Progressive Autonomization - A Provocation
 

Decentralization is often discussed and debated amongst DAO builders and operators. And rightfully so – decentralization is a fundamental tenet of web3 – so it’s important we’re all working off shared terminology and frames of reference of what it means to be decentralized. Less often discussed, though, is the “A” in DAO. But maybe it’s time we start looking at it with more rigor and care.

This piece is a provocation to explore what it means for DAOs and, importantly, their constituent members, to be autonomous. To help frame this discussion, let’s first look at progressive decentralization.

Progressive decentralization

In “Progressive Decentralization: A Playbook for Building Crypto Applications,” Jesse Walden describes progressive decentralization as, “a process in which founding teams relinquish control by degrees, over time”. It is a useful construct for core teams to grapple with the tension between finding product/market fit and community ownership.
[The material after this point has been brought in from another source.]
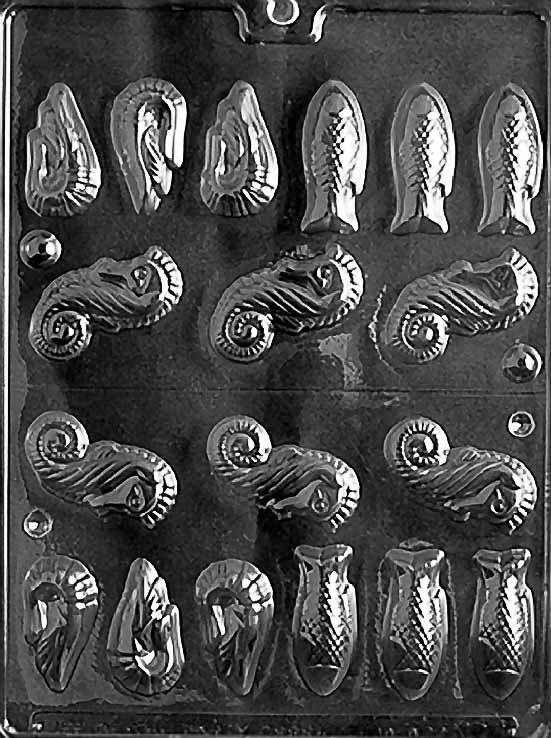 3D SHRIMP SEAHORSES FISH Chocolate Candy Mold – Soap Making ~ BUY 2 GET 1 FREE!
Walden maps this process to a three-stage product lifecycle for a blockchain-based crypto application. In the early stage, the core team makes all decisions on what features to build and how to find product/market fit. In the growth stage, the core team invites community participation in product development but final product calls are mostly left up to the core team. In the later stage, the core team steps away from the product and hands the reins to the community.

Throughout the lifecycle, community participation is coordinated through incentives such as bounties and grants, and airdrops in which tokens conferring voting rights are distributed to community members.

Through this lens, token distribution positively correlates with community ownership. As tokens are increasingly distributed to the community, the community (i.e. token holders) has more influence over the decisions about the application. This “exit to community” is “the moment a smart contract is triggered to mint and distribute tokens.”

This moment marks the point at which the core team relinquishes majority ownership of the application, hence ceding control and decision making power. At this point the project and its governance is “sufficiently decentralized” and “independent of the efforts of a single entity that might have asymmetric information.”

This simplified description of Walden’s conception of progressive decentralization should serve as fruitful fodder for exploring progressive autonomization.

Progressive autonomization - a provocation

If progressive decentralization is about the “D” in DAOs – dealing with tensions around product development, product/market fit, governance, and community-ownership – then progressive autonomization should obviously seek to deal with tensions around the “A” in DAOs.

But what does this actually mean?

More than anything, here, “progressive autonomization” is intended to spark critical thinking, discussion, and debate. This provocation aims to elicit richer, more nuanced, and shared understandings of what autonomous means in a DAO context. The hope is this will surface tensions surrounding an implied ambiguity around “A” and, in turn, yield valuable, actionable playbooks for DAO builders to progressively autonomize.

Below are some prompting questions I’m most interested in exploring.

What does autonomous mean in a DAO context?

Like in precise and practical terms. To me, our answers to this question should be informed by how we understand the relationship between autonomy and automation.

As I dove into this piece I became increasingly aware of an implicit assumption I held - that autonomous-ness mostly deals with automation. As Vitalik describes, “DAOs == automation at the center, humans at the edges” (see Vitalik Buterin’s “DAOs, DACs, DAs and More: An Incomplete Terminology Guide”). But I think automation only answers part of the question of what it means to be autonomous in a DAO context because it has to do with the code side of DAOs.

I’m coming around to a richer understanding that autonomous-ness in DAOs is part automation and part autonomy. While automation deals mostly with code and processes, autonomy deals mostly with people and governance. Maybe.

This begs another question…

What are the layers of autonomous-ness?

We know that DAOs are internet-native organizations that run on blockchains, have internal capital, with automation at the center and humans at the edges (see the aforementioned Vitalik post) . But what does this actually look like?

I’d love to see a graphic “A Relational Map of the Autonomous Components in DAOs” or something like that.

It would help to answer a related question I have around, what similarities and differences of being autonomous at the code layer (i.e. smart contracts that automatically execute on-chain upon specific conditions being met) and autonomous at the human layer?

What the hell is progressive autonomization?

If only one thing is clear it’s that I don’t know. I have inclinations and intuitions, and a hunch that progressive autonomization is important – especially for service DAOs. To me, this is exciting and what Automatos is all about – exploring.

If I leave the reader with only one provocation, it’s this: what the hell is progressive autonomization?!